In today’s F1 world, young aspiring drivers are coached and mentored from an early age. Newly crowned double World Champion, Sebastian Vettel, has enjoyed backing from Red Bull from an early age and Lewis Hamilton has been part of the McLaren family from his karting days. Talent and dedication are still needed in abundance but Mansell’s path to F1 (as was the norm back then) was a little different.

If you collate all the CVs from the drivers past and present, I doubt you’ll find many who worked as a part-time window cleaner to help fund his racing or remortgage his family home to cover a sponsorship shortfall.

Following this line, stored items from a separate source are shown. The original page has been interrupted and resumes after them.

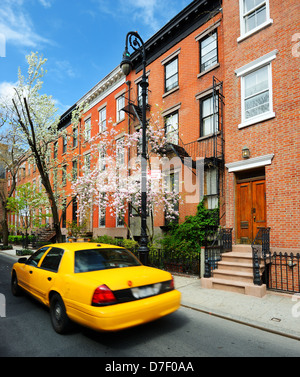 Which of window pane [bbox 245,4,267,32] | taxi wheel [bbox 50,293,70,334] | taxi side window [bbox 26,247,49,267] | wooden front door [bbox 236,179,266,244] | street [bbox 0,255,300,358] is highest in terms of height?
window pane [bbox 245,4,267,32]

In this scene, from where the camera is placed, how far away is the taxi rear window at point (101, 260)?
4707 millimetres

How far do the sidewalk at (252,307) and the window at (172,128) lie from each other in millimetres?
7862

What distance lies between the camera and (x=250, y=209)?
9.80 metres

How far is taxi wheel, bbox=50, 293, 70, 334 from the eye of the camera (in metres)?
4.39

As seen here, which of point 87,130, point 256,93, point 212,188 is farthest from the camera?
point 87,130

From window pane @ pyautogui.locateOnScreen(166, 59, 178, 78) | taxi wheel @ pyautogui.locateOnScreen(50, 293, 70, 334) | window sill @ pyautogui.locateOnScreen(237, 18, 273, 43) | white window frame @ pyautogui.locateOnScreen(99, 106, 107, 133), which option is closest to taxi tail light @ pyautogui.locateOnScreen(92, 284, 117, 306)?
taxi wheel @ pyautogui.locateOnScreen(50, 293, 70, 334)

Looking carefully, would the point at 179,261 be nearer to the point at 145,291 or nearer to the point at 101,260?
the point at 101,260

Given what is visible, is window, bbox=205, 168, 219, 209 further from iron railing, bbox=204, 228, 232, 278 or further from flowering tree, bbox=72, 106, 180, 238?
iron railing, bbox=204, 228, 232, 278

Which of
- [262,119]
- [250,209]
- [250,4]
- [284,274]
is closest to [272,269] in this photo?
[284,274]

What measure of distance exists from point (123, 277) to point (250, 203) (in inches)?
274

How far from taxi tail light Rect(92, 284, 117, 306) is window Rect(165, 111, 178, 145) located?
34.9ft

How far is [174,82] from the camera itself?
14.6 meters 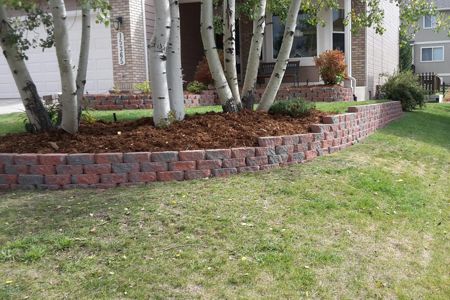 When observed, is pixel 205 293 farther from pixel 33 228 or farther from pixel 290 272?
pixel 33 228

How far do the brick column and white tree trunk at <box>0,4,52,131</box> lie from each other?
6929 millimetres

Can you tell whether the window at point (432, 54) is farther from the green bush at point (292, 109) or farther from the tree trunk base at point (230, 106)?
the tree trunk base at point (230, 106)

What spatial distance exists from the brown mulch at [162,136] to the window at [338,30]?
9068mm

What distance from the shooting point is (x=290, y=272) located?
3768mm

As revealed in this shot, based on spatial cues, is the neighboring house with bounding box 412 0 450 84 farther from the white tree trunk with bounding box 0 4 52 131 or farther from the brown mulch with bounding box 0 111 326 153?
the white tree trunk with bounding box 0 4 52 131

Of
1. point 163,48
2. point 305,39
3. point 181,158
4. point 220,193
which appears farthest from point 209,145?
point 305,39

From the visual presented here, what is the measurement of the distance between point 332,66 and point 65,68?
9005mm

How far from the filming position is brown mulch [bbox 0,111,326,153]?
5.79 m

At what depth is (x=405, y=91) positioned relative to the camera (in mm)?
12703

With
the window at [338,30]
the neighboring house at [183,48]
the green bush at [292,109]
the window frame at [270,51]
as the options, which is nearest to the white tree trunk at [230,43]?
the green bush at [292,109]

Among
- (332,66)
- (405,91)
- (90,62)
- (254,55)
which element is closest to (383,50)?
(332,66)

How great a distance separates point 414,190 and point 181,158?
2.76m

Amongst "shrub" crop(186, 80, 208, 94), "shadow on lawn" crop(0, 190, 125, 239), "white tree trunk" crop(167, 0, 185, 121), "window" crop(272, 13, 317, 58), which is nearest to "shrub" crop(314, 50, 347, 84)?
"window" crop(272, 13, 317, 58)

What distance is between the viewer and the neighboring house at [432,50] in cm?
3919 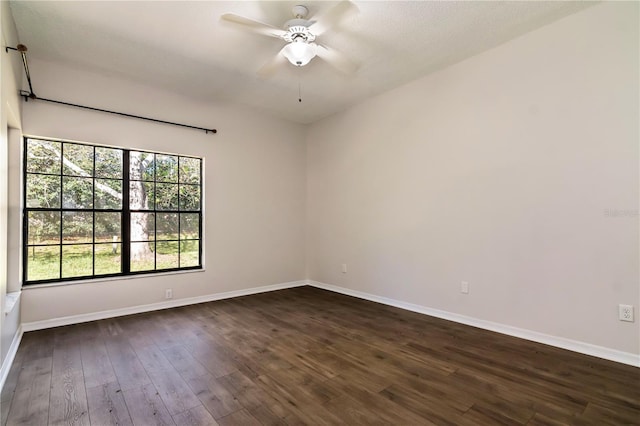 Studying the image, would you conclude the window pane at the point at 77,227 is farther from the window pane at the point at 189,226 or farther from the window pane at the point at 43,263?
the window pane at the point at 189,226

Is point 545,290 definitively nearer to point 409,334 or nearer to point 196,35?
point 409,334

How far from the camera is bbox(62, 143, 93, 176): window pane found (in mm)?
3590

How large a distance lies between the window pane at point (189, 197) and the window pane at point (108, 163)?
79 centimetres

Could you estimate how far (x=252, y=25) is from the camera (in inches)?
95.4

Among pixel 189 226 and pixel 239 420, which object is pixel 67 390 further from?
pixel 189 226

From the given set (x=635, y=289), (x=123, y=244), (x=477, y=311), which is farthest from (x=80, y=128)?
(x=635, y=289)

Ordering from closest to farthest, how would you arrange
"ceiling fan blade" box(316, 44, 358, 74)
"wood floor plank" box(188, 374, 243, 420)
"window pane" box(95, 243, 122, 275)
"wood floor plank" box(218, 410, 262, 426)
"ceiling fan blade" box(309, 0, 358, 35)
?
"wood floor plank" box(218, 410, 262, 426) → "wood floor plank" box(188, 374, 243, 420) → "ceiling fan blade" box(309, 0, 358, 35) → "ceiling fan blade" box(316, 44, 358, 74) → "window pane" box(95, 243, 122, 275)

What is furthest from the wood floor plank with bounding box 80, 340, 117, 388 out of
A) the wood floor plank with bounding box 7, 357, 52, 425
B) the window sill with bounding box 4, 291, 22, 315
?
the window sill with bounding box 4, 291, 22, 315

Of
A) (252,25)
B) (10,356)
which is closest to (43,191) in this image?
(10,356)

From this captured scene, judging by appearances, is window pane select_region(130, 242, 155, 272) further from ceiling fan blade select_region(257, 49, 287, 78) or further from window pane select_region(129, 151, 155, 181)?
ceiling fan blade select_region(257, 49, 287, 78)

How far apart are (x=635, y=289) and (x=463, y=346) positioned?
54.8 inches

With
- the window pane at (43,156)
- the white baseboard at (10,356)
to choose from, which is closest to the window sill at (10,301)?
the white baseboard at (10,356)

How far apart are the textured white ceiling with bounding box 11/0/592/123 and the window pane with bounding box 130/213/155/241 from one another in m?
1.72

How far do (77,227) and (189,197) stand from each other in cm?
133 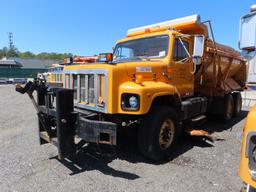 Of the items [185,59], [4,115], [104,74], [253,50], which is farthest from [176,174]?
[4,115]

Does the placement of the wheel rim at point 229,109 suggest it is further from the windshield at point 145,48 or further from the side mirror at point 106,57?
the side mirror at point 106,57

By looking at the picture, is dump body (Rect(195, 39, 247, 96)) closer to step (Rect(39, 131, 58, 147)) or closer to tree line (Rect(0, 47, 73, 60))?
step (Rect(39, 131, 58, 147))

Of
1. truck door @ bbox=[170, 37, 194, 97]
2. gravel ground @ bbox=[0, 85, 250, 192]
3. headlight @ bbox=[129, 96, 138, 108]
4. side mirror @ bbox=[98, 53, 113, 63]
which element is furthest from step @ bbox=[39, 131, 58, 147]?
truck door @ bbox=[170, 37, 194, 97]

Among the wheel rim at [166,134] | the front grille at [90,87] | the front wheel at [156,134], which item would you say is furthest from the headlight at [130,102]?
the wheel rim at [166,134]

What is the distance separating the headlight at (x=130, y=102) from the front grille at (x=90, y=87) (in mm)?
335

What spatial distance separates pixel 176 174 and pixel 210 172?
60 cm

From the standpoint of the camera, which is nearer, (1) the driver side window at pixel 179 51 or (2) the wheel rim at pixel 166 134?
(2) the wheel rim at pixel 166 134

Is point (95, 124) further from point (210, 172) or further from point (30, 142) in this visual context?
point (30, 142)

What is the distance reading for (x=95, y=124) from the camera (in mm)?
4008

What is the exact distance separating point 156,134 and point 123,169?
87 centimetres

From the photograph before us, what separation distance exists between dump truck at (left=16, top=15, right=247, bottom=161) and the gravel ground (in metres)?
0.37

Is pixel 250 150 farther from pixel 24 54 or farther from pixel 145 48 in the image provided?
pixel 24 54

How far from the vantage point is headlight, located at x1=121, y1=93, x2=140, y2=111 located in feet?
13.5

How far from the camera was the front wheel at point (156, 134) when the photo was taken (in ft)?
14.7
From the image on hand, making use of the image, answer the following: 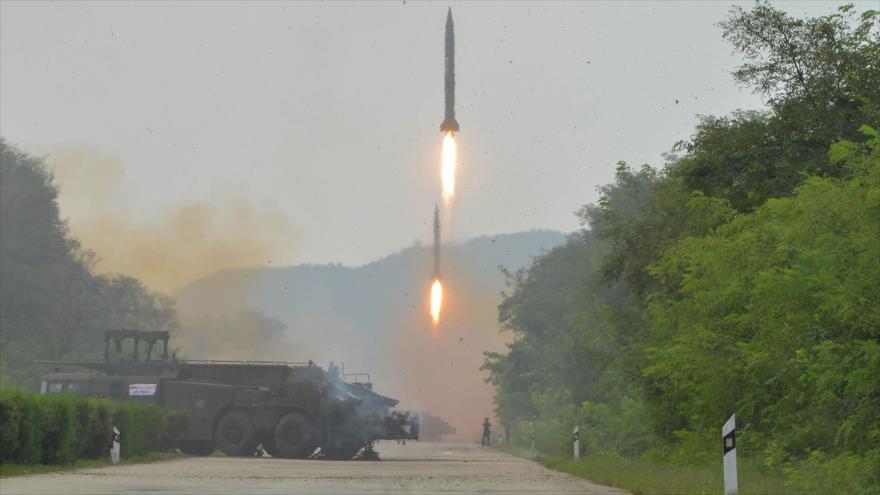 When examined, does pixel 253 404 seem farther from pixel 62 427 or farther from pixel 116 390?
pixel 62 427

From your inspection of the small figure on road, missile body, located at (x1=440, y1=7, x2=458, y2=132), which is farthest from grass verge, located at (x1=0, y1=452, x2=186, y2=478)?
the small figure on road

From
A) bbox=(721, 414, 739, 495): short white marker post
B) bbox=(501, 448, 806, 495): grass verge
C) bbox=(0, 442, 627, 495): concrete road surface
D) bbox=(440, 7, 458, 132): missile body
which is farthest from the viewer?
bbox=(440, 7, 458, 132): missile body

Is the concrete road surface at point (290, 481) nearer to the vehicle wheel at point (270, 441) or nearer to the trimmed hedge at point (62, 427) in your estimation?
the trimmed hedge at point (62, 427)

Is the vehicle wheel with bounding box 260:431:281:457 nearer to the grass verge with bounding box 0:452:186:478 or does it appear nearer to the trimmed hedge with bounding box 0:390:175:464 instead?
the grass verge with bounding box 0:452:186:478

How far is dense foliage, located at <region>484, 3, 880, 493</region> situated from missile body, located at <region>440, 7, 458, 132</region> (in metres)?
7.58

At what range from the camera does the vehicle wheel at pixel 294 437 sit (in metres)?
46.7

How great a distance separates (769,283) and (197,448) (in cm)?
3061

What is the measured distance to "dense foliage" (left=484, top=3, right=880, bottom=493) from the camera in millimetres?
19781

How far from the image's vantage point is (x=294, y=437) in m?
46.8

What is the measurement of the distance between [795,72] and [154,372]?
2635cm

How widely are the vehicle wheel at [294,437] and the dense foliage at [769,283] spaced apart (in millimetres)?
8853

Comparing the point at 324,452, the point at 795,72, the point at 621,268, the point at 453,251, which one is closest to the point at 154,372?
the point at 324,452

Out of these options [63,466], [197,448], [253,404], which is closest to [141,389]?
[197,448]

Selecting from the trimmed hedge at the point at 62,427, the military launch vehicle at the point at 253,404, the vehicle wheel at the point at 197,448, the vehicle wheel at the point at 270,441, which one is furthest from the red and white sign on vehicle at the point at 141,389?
the trimmed hedge at the point at 62,427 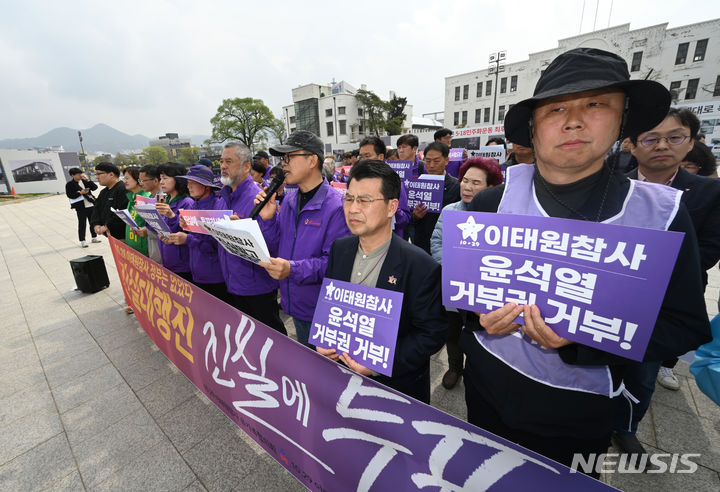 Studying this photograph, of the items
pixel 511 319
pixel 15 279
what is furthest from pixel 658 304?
pixel 15 279

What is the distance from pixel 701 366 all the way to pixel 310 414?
1690 millimetres

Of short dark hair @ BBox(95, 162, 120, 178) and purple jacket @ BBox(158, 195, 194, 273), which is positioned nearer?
purple jacket @ BBox(158, 195, 194, 273)

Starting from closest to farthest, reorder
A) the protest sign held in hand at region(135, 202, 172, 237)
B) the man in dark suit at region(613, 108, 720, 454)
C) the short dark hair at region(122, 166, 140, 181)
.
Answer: the man in dark suit at region(613, 108, 720, 454) → the protest sign held in hand at region(135, 202, 172, 237) → the short dark hair at region(122, 166, 140, 181)

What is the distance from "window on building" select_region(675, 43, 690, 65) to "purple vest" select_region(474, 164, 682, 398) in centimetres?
3973

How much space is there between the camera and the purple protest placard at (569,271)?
2.82 ft

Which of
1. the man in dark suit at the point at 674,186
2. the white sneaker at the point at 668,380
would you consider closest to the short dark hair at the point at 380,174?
the man in dark suit at the point at 674,186

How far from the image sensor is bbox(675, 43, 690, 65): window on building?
25.7 m

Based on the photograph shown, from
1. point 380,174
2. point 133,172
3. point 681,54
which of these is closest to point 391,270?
point 380,174

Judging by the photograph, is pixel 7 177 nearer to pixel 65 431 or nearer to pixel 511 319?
pixel 65 431

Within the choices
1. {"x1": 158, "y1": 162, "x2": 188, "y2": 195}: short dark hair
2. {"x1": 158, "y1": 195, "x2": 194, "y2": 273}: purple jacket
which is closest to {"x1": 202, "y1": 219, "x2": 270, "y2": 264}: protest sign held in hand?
{"x1": 158, "y1": 195, "x2": 194, "y2": 273}: purple jacket

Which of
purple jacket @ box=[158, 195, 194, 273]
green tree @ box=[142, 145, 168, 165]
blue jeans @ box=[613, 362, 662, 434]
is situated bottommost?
blue jeans @ box=[613, 362, 662, 434]

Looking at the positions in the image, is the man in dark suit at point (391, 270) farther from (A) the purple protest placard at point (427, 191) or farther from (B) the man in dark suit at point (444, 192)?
(B) the man in dark suit at point (444, 192)

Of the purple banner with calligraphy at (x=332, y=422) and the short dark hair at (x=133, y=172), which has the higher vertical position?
the short dark hair at (x=133, y=172)

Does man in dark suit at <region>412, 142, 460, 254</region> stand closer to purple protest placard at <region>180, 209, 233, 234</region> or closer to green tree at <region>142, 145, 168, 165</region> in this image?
purple protest placard at <region>180, 209, 233, 234</region>
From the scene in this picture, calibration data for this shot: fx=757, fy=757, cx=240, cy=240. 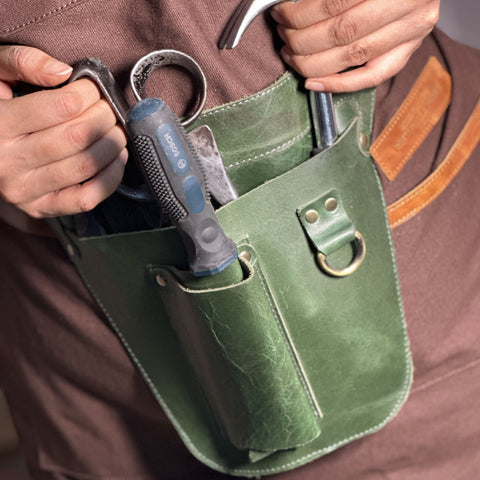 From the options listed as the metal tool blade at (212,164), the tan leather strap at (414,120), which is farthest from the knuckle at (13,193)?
the tan leather strap at (414,120)

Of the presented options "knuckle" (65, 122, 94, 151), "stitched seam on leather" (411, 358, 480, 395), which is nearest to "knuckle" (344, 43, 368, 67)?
"knuckle" (65, 122, 94, 151)

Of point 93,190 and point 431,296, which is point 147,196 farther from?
point 431,296

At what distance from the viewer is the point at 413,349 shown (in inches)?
43.2

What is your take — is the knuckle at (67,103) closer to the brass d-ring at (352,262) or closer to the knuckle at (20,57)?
the knuckle at (20,57)

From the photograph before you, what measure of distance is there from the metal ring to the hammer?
0.16 feet

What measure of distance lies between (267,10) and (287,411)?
0.49 meters

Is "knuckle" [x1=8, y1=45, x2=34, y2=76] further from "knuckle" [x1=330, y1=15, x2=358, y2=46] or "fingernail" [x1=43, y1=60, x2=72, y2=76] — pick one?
"knuckle" [x1=330, y1=15, x2=358, y2=46]

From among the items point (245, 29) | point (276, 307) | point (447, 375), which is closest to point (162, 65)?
point (245, 29)

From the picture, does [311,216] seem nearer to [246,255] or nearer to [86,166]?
[246,255]

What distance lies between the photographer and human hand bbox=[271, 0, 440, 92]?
35.2 inches

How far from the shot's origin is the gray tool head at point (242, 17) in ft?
2.76

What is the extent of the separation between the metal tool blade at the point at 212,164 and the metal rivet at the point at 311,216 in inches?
3.8

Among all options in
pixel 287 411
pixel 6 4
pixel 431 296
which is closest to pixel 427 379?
pixel 431 296

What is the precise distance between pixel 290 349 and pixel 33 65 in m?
0.45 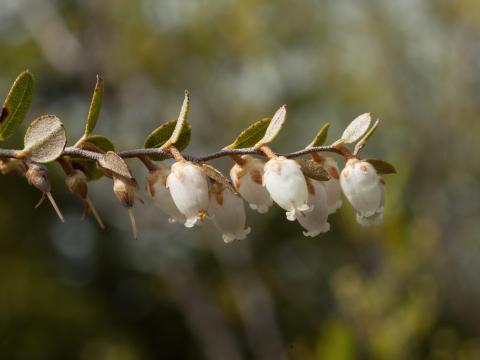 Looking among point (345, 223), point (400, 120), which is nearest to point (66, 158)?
point (345, 223)

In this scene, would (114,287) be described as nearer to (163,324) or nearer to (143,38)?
(163,324)

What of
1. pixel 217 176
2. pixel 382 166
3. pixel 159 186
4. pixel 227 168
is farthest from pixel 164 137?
pixel 227 168

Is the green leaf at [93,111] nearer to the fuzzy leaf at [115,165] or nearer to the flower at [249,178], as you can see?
the fuzzy leaf at [115,165]

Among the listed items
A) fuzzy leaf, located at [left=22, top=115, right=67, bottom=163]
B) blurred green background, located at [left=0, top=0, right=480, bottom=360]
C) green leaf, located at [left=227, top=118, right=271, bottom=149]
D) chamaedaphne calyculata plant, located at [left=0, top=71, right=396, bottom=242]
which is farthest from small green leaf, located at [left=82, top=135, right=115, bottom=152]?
blurred green background, located at [left=0, top=0, right=480, bottom=360]

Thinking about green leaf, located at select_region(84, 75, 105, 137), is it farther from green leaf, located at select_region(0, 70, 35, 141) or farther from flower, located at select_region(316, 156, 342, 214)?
flower, located at select_region(316, 156, 342, 214)

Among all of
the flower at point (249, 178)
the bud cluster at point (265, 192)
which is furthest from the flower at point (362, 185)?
the flower at point (249, 178) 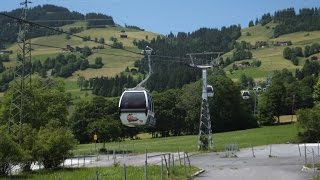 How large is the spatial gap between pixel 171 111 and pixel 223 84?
634 inches

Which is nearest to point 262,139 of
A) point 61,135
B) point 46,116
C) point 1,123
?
point 46,116

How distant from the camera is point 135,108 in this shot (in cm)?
3578

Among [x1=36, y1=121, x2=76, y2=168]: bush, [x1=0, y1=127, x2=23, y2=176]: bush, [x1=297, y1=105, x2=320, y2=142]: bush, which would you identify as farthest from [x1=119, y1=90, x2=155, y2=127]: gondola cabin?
[x1=297, y1=105, x2=320, y2=142]: bush

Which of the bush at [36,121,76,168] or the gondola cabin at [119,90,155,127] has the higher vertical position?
the gondola cabin at [119,90,155,127]

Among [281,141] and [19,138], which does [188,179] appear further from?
[281,141]

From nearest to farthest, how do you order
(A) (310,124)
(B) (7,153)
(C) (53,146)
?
(B) (7,153) < (C) (53,146) < (A) (310,124)

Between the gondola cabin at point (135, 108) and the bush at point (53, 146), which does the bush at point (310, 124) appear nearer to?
the bush at point (53, 146)

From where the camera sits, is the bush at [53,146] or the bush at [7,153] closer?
the bush at [7,153]

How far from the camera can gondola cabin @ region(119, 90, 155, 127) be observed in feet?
117

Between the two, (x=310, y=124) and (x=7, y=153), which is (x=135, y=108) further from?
(x=310, y=124)

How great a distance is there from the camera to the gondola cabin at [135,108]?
35.7 metres

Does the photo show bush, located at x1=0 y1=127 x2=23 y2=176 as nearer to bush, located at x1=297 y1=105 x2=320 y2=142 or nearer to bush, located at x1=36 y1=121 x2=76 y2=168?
bush, located at x1=36 y1=121 x2=76 y2=168

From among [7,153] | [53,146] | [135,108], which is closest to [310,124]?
[53,146]

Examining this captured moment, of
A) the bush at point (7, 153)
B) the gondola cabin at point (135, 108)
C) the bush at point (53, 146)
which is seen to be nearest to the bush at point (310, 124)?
the bush at point (53, 146)
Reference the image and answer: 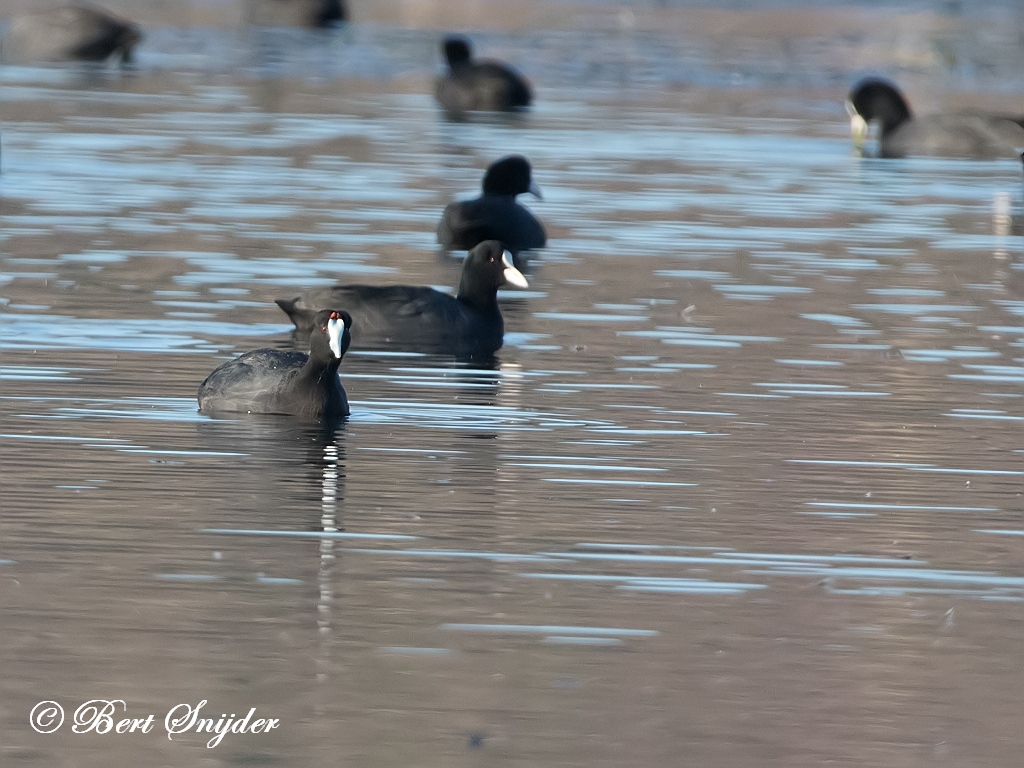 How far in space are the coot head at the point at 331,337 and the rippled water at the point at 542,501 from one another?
0.38m

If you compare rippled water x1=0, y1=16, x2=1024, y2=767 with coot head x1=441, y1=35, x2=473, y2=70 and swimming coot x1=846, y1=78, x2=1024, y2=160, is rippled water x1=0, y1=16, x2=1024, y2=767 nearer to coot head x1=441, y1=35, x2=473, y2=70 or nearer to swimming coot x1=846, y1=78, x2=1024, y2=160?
swimming coot x1=846, y1=78, x2=1024, y2=160

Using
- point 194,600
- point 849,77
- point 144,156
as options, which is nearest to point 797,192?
point 144,156

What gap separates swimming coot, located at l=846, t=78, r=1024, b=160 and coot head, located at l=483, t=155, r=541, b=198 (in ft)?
27.1

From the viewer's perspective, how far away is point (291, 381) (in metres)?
11.6

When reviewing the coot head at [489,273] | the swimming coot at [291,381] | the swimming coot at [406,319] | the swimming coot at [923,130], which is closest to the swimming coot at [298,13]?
the swimming coot at [923,130]

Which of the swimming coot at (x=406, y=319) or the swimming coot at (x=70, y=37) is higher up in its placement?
the swimming coot at (x=70, y=37)

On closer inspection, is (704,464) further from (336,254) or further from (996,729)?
(336,254)

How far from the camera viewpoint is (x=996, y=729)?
6949 mm

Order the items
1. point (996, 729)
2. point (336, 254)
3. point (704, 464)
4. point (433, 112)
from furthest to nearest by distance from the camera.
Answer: point (433, 112) < point (336, 254) < point (704, 464) < point (996, 729)

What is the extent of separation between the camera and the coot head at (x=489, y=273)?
48.3 ft

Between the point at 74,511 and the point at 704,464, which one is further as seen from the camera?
the point at 704,464

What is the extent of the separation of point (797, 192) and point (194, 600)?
16.0 metres

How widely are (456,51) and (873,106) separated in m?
7.15

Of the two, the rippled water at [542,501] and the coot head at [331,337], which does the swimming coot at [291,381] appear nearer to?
the coot head at [331,337] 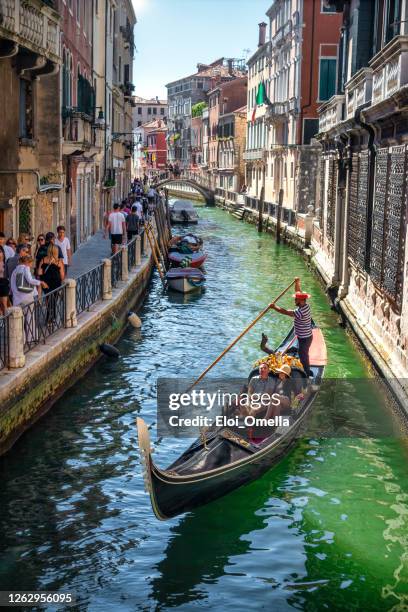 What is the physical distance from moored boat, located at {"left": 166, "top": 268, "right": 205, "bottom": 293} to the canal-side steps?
3.85 m

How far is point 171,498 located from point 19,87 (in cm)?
914

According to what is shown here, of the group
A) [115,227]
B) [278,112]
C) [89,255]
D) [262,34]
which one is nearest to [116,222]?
[115,227]

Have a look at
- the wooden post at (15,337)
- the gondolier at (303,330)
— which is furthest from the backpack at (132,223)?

It was legendary Team Lotus boss, Colin Chapman who saw potential in the moustached brummie and gave him a seat mid way through the 1980 season. Mansell was given three races that year, retiring in Austria and the Netherlands and failing to qualify in Italy. Chapman however gave Mansell a full time drive for the 1981, 1982, 1983 and 1984 campaigns. The retirements racked up faster than the points for the Mansell and Lotus. Mansell managed only three podiums in his three years with the Norfolk based team. In his time at Lotus, he is best remembered for leading the 1984 Monaco Grand Prix in the wet before famously losing control just before Casino Square, damaging his rear wing and retiring from the race.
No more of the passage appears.